If I knew where this was going I would honestly tell you...

Nov 20, 2007 22:26

This post is long over due. I can't say that  anyting exciting has happened recently because it hasn't. Life is more routine now than it ever was before.  I work, do classes online, and sleep. Repeat.  A little update from the previous post, I got Akuma a little brother. His name is Perry. I feel now our little family is complete...the only thing I need to work on now is Mitch moving in....

School is an interesting subject. To make a long story short, Kaplan fucked up my finanical aide package. The award letter I recieved was no where near what I was actually getting thus I did not take out enough money in  alternative loans to cover out of pocket expenses. Now I am in the process of applying for more loans and trying to get everything all squared away. This whole situation has put a bad taste in my mouth. Once again I am looking for a new school per request of myself and my dad. He believes that there is some scam Kaplan is trying to pull. We are putting in a complaint with the better business bureau.  I have decided once again I want to teach high school English. I feel that I would have saved myself 4 years of headaches if I would have realized that right from the beginning and never changed my mind to begin with.  I am sure many of you who actually still read this (I wouldn't doubt it if the actual reader count is down to one now...wooo) are completely lost.  Sorry I move around too much. I have issues with settling.  If only I would have stayed at Carroll.... oh memories.

Ha. Don't make me laugh.

As of next month I will offically be an aunt. Rach is naming her son Ziggy. Yes it is odd, but so is Rach. I'm ready to be an aunt. I can't wait to spoil him like crazy. I know I want an active part in his life. Even if Rachel or Dany have issues with me being around constantly I'm still going to do it.  Many of you may ask, why would Dany's opinion matter if it is Rachel's son? Well, well, well, let me inform all 'one' of  you. Dany is crazy. She believe that this baby is actually her baby.  In her eyes she is the aunt and the mother. It is her goal in life to make sure that I am viewed as an evil person to this child. She has already told me that she and Rach will refer to me as the mean aunt, threatening to send Ziggy to me when he is misbehaving....I will be the Grandma Sonya to lil Ziggy....OH NO!!  (Sonya is the evil wicked witch of the west, the bitch that is my mom's mother) I just want to be there for all the precious moments. This little boy is coming into a fucked up family...he needs at least one sane person in his life. Maybe that could be me if I'm lucky...hmmm maybe I should start taking those meds to be prepared for this situation.

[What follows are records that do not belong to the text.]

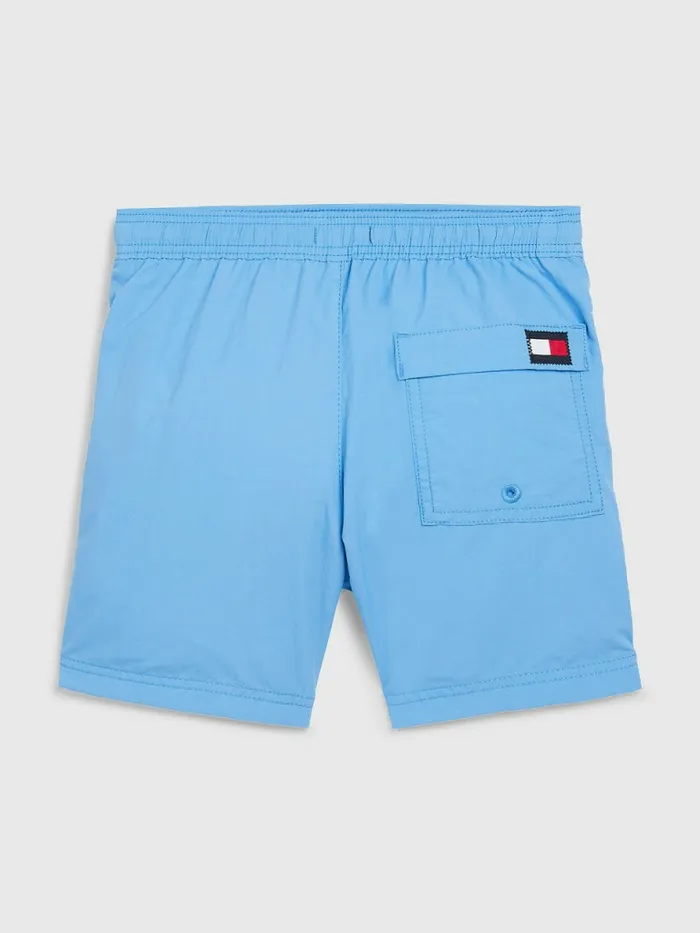 Tommy Hilfiger Mid Length Swim Shorts Hydrangea Blue Boys Swimwear Casaul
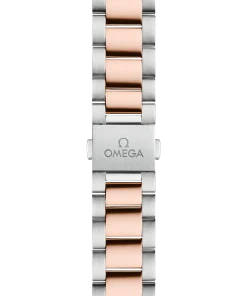 Alternative view of Omega Seamaster Aqua Terra 150M 34mm White Dial with Diamonds Stainless Steel and Sedna™ 18k Rose Gold Bracelet 220.20.34.20.55.001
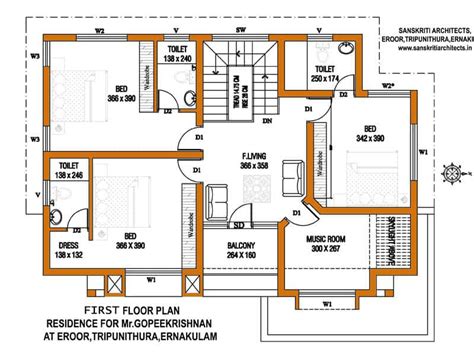 Kerala House Plans With Estimate For A Sq Ft Home Design Kerala
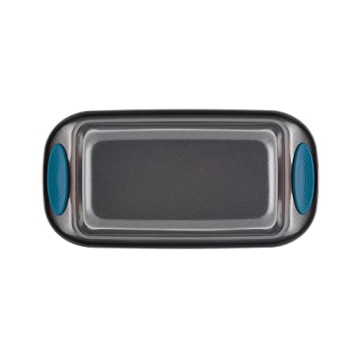 Rachael Ray Yum-o! Nonstick 9 Inch Loaf Pan with Grippy Handles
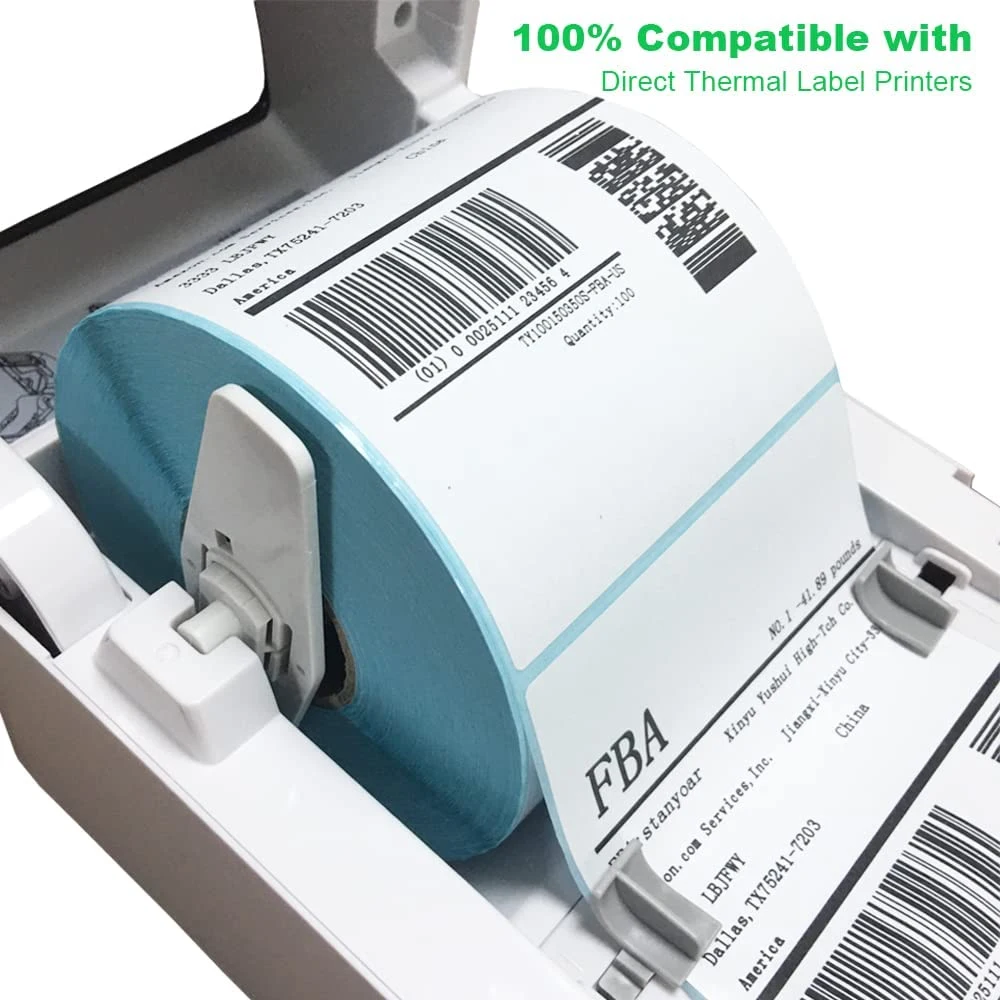 Factory Price A6 Blank Waterproof Label Roll and 4X6 Thermal Label Sticker for Printer Labels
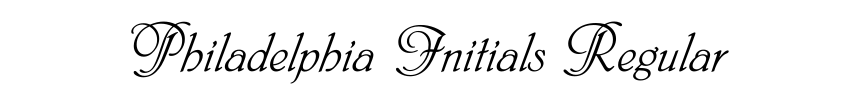 Philadelphia Initials Regular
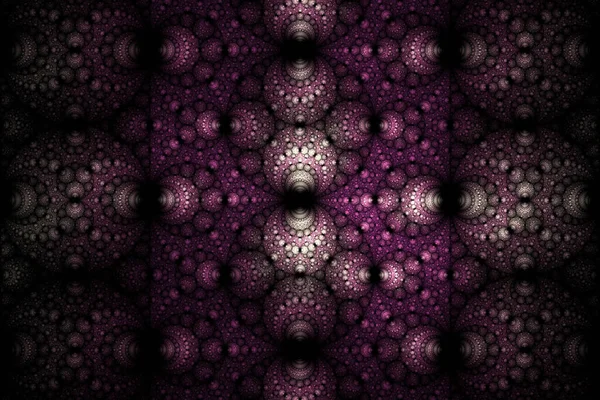 Visualization Isolated Abstract Fractal Black Background Abstract Computer Generated Fractal — Stock Photo, Image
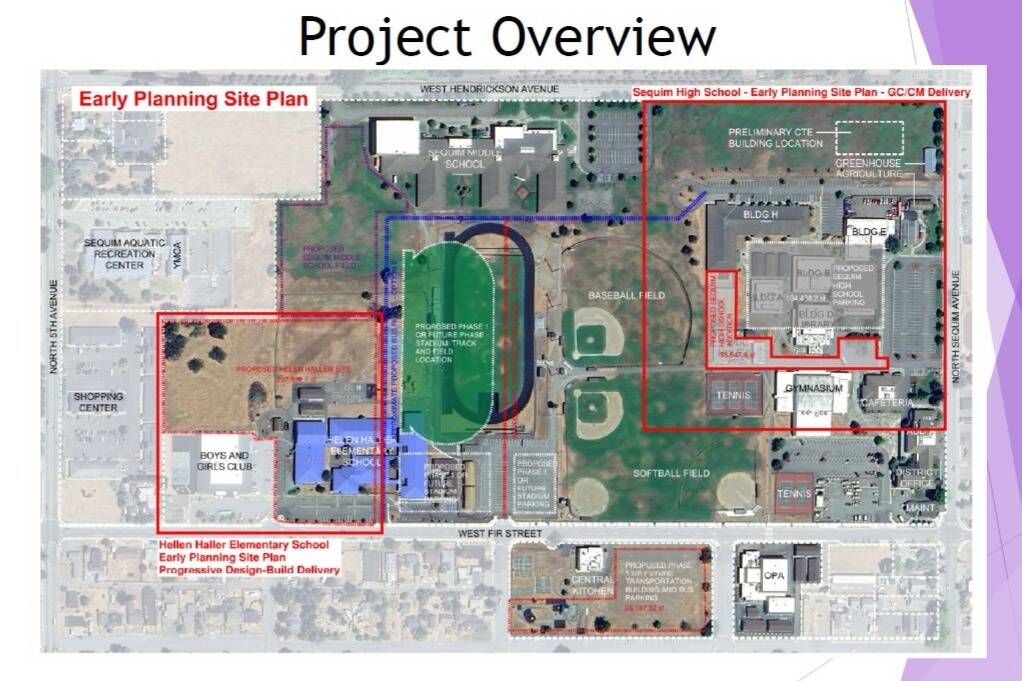 Mahlum, an architecture firm, has been hired by the Sequim School District for design services related to renovation of Sequim High School and building a new Career and Technical Education building, the Ramponi Center for Technical Excellence. The high school’s renovation is part of a voter-approved bond while the CTE building is funded with grants and private contributions. (Sequim School District)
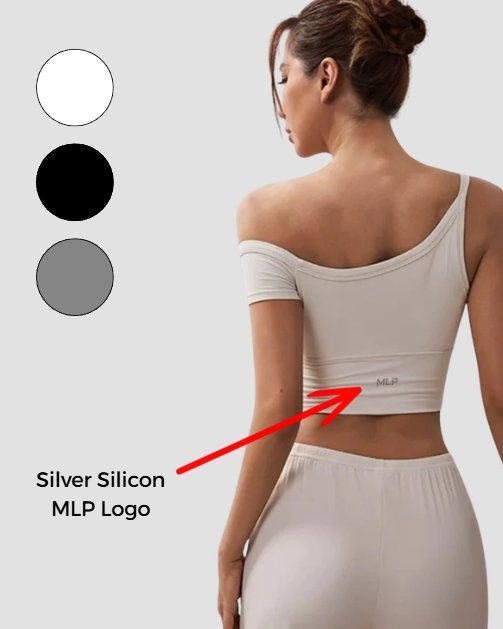 Shockproof Workout Underwear Tight Asymmetric Yoga Vest Casual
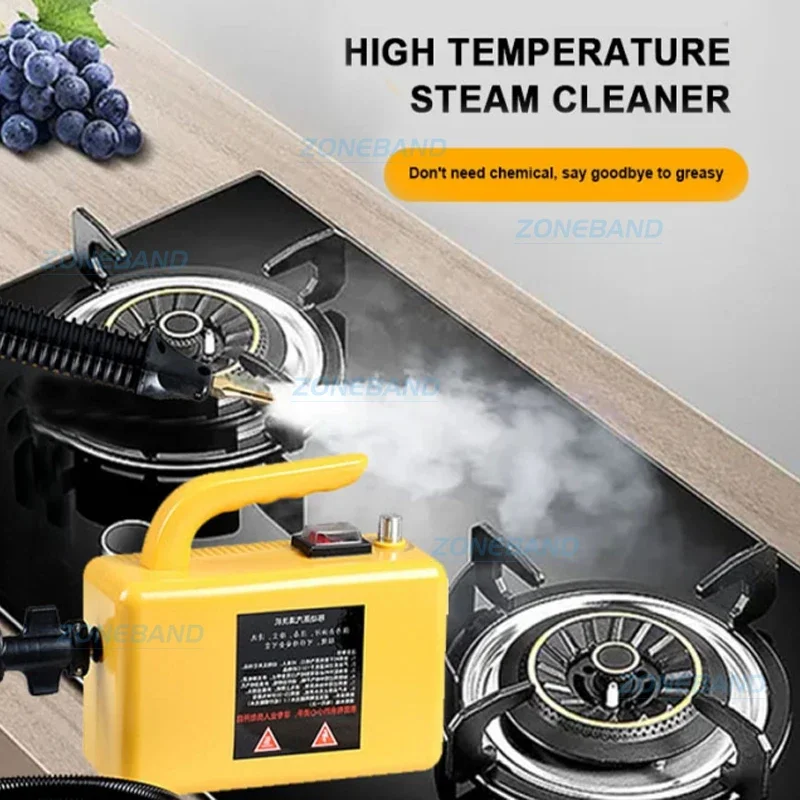 Handheld Steam Cleaner Steam Generator High Pressure Temperature 2600W Powerful Wiper Washer for Home Floor Kitchen Hood Cars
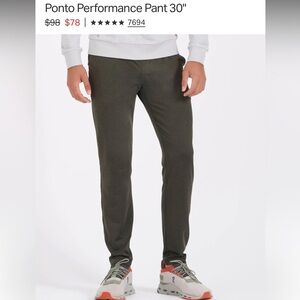 Vuori Green Ponto Performance Sweatpant (Sz. M)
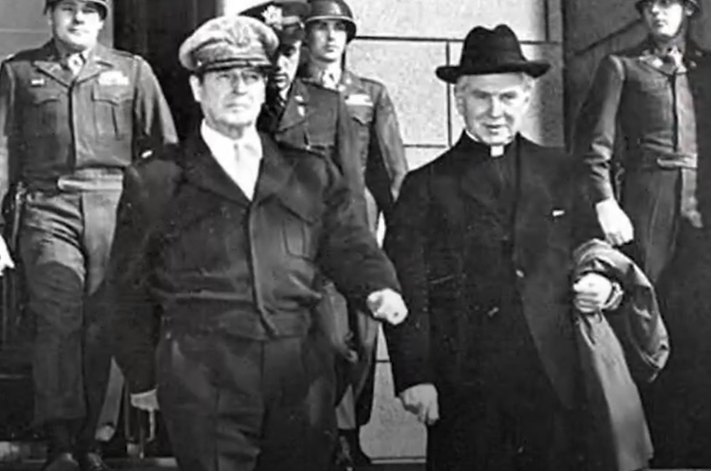 Edmond Walsh SJ and Mcarthur in Japan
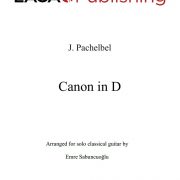 Canon in D Major by Johann Pachelbel for classical guitar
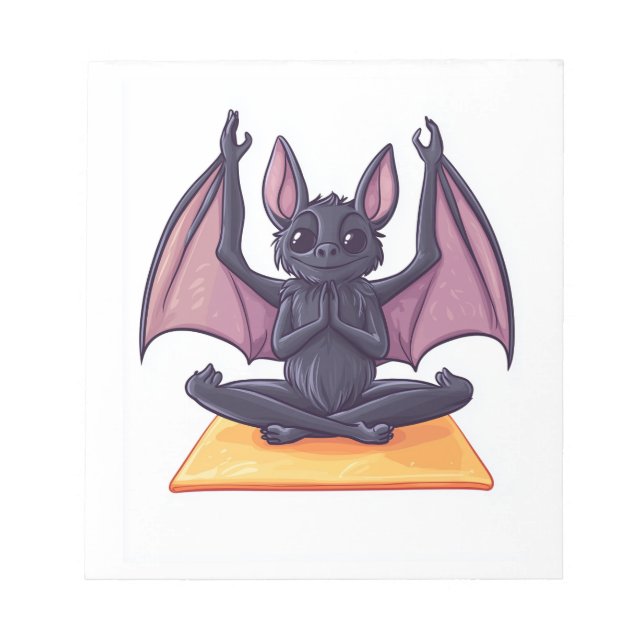 Bloc De Notas Flujo de Yoga de Murciélago (Frente)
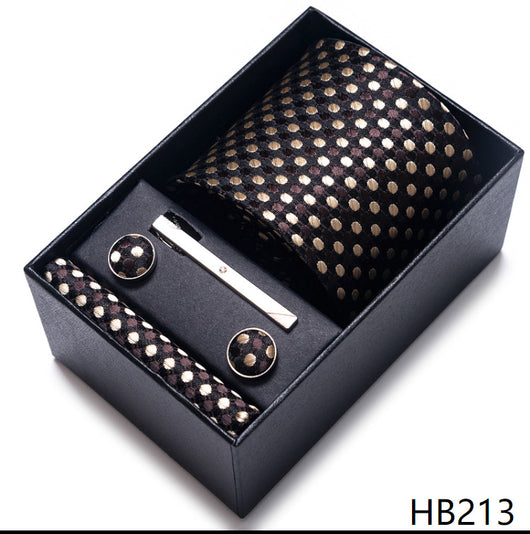 Corbata Jacquard Profesional Tejida en Trama para Negocios - Image 11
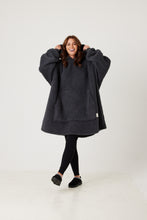 Load image into Gallery viewer, Snuggz Adult Lite - Charcoal Grey Hooded Blanket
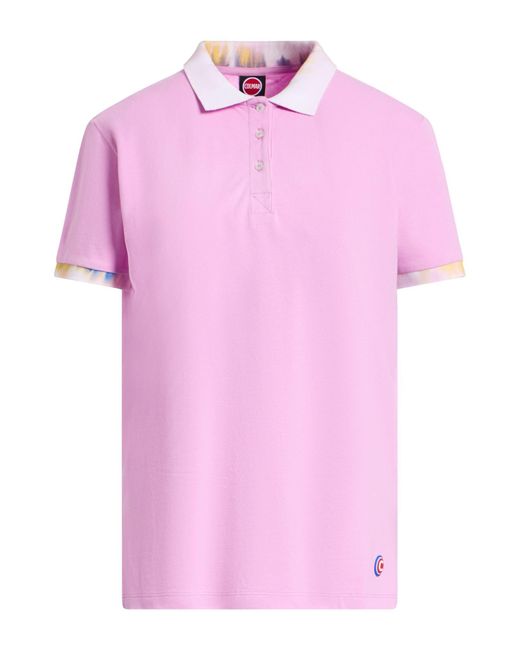 Colmar Pink Polo Shirt Cotton, Elastane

Oh, I love the holidays. Thanksgiving will be spent at my dad's this year. Interested in seeing how it will all unfold. Mitch doesn't know that Rachel might be there. This could be dangerous. I'm sure he will be pissed once he sees Rachel's shining little face. Oh the joys of bringing everyone together. You know it's the holiday season when all you here is constant family bickering.

Could this be suiting enough for an update? Gee, I sure hope so. I ran out of energy a paragraph and a half ago.